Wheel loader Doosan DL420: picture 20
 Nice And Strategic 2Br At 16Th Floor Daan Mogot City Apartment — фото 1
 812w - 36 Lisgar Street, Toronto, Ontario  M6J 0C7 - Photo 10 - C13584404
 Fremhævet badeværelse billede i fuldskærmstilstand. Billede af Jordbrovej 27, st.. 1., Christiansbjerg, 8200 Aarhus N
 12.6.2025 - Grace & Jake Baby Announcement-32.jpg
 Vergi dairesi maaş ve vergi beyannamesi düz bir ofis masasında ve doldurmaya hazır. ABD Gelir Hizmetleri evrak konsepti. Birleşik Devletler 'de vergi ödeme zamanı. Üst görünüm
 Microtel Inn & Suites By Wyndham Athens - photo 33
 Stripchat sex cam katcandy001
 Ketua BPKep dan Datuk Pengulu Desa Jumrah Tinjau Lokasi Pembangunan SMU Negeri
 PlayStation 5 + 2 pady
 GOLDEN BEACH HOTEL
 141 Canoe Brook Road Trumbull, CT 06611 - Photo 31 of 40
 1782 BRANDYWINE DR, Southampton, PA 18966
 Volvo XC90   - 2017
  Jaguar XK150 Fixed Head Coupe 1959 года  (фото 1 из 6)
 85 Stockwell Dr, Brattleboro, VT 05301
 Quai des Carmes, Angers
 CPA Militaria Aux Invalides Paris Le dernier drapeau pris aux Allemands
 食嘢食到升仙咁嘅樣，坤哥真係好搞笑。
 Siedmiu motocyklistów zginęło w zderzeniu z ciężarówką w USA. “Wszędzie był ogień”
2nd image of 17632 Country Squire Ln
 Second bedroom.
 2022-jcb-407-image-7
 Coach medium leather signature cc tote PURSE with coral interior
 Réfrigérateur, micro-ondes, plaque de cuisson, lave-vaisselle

------

Which lines of the entries above contain the string "image"? Copy each one.

§ **Exercise answer**:
2nd image of 17632 Country Squire Ln
 2022-jcb-407-image-7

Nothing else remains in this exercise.